··· Input data ···

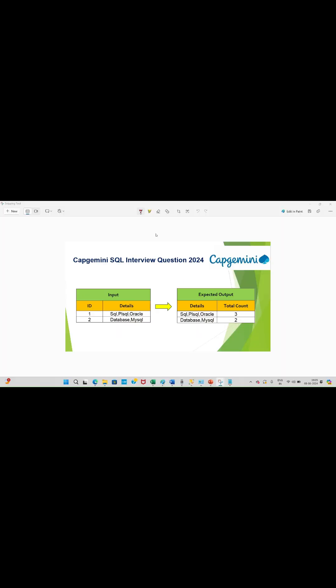Hi everyone, welcome back to Techville family. Today we are going to see one of the questions asked in Capgemini SQL interview. So let's see what is the question and what is the answer for that. I have an input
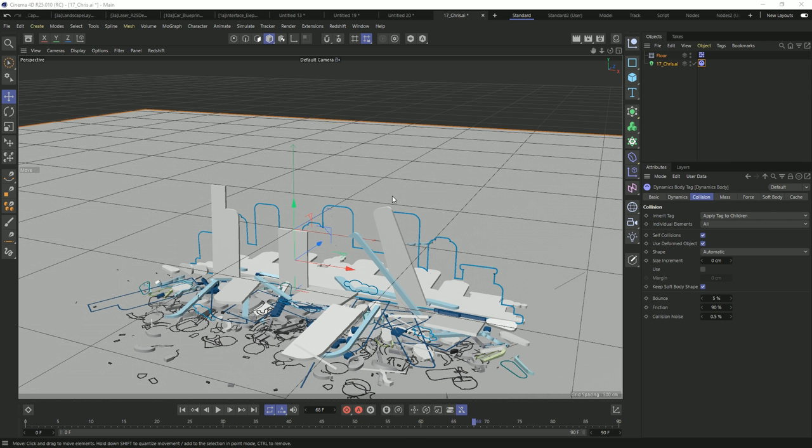Important to note: spline import also supports symbols, color spaces, and gradient fills.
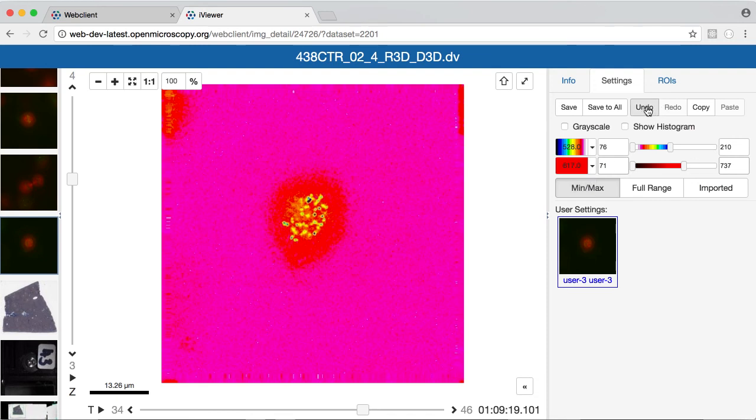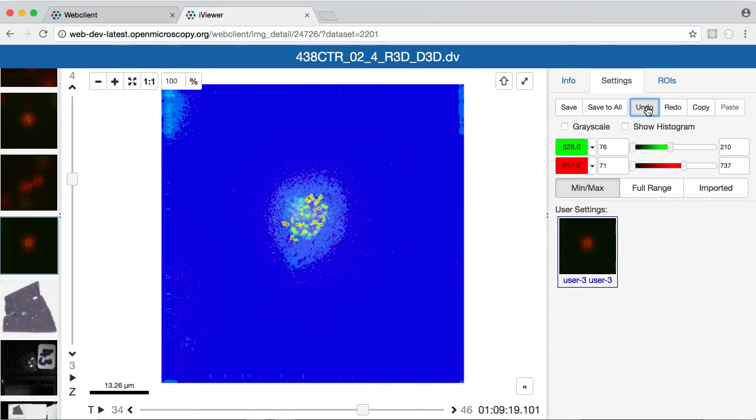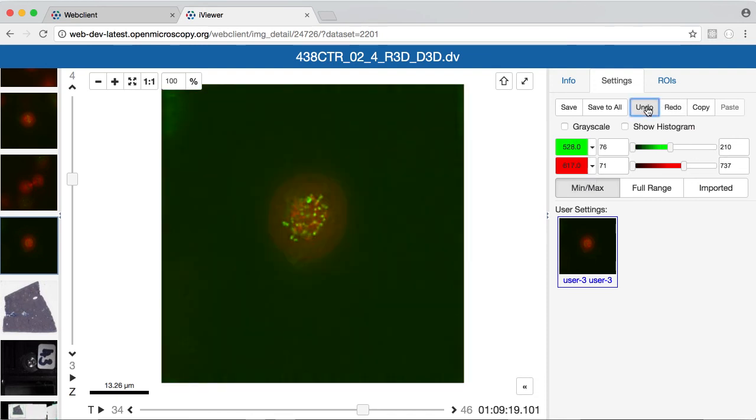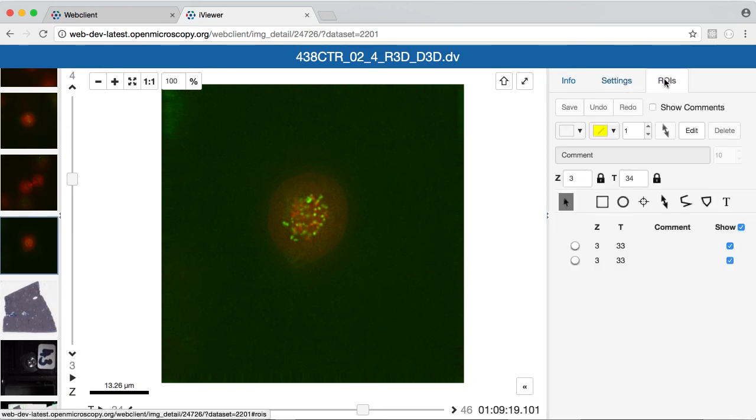Also, I can use the undo features. If I go to the ROIs tab, I can use these tools to create and edit ROIs on the image.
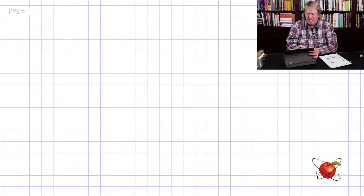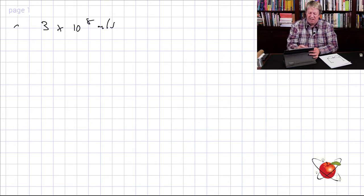We know that light traveling in a vacuum has a speed of three times ten to the eight meters per second, and it's always given the symbol C. So we say C is equal to three times ten to the eight meters per second — the speed of light in a vacuum, or let's just call it air for now.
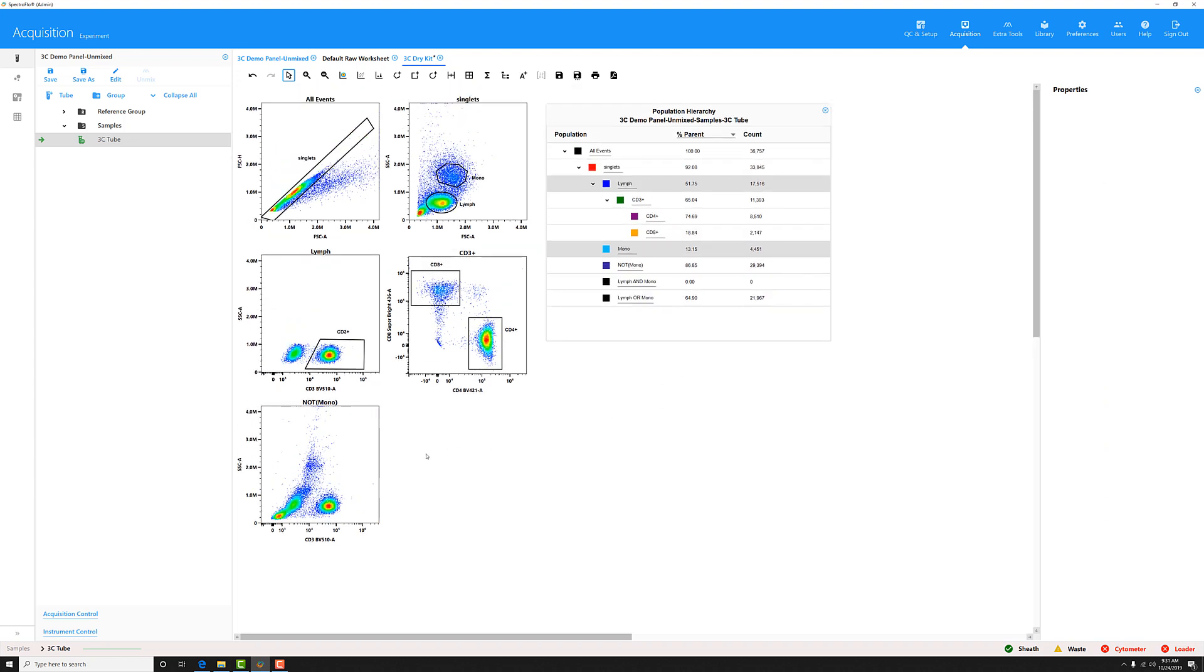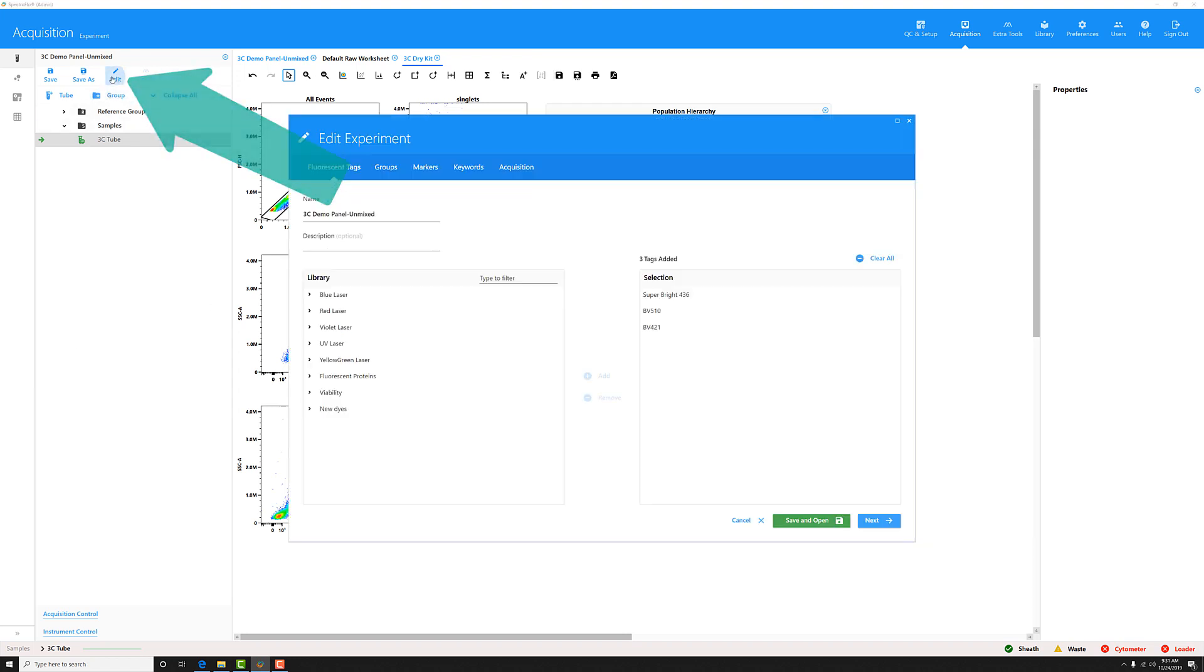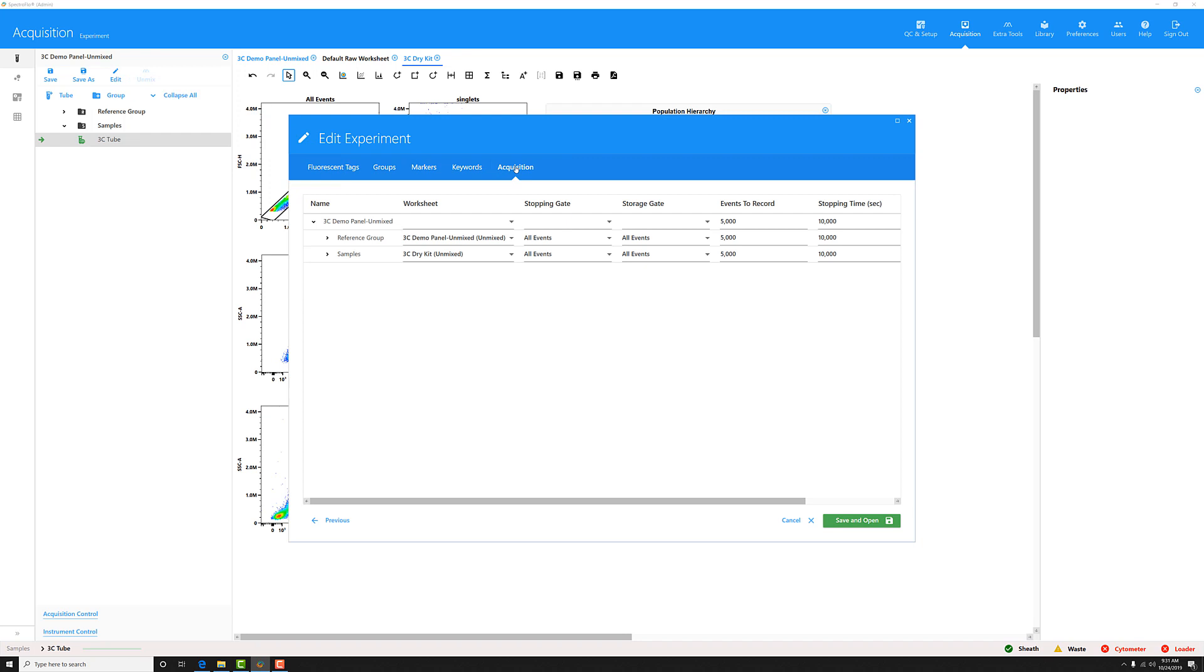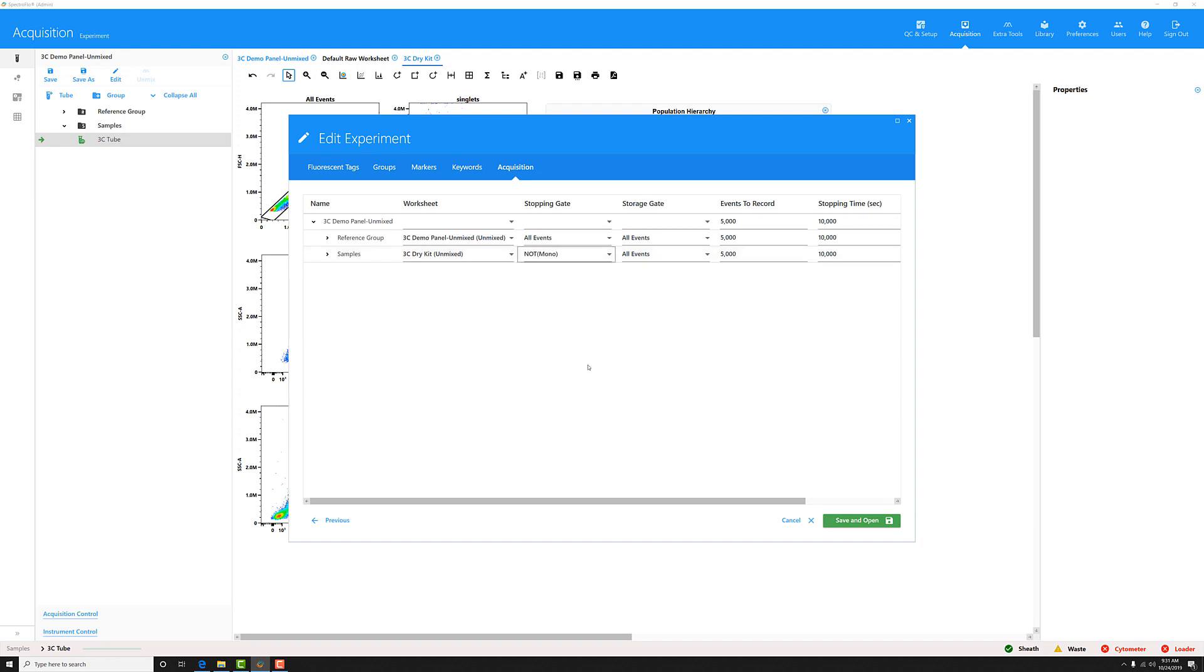Once I've created these different Boolean gates, I can also use them as stopping criteria. First, I have to save my changes in my worksheet. Then I can click edit to open my experiment editor and go to the acquisition tab. Once there, I can select the worksheet that I have, my three color dry kit. And under stopping gate, all of the new gates I've selected are now options that I can use as my stopping criteria.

···

▸ Problem details
Copy exactly the lines from the line holding "We know that" to the final line of the listing, and leave the pictures out.

▸ Completed exercise
We know that light traveling in a vacuum has a speed of three times ten to the eight meters per second, and it's always given the symbol C. So we say C is equal to three times ten to the eight meters per second — the speed of light in a vacuum, or let's just call it air for now.
Once I've created these different Boolean gates, I can also use them as stopping criteria. First, I have to save my changes in my worksheet. Then I can click edit to open my experiment editor and go to the acquisition tab. Once there, I can select the worksheet that I have, my three color dry kit. And under stopping gate, all of the new gates I've selected are now options that I can use as my stopping criteria.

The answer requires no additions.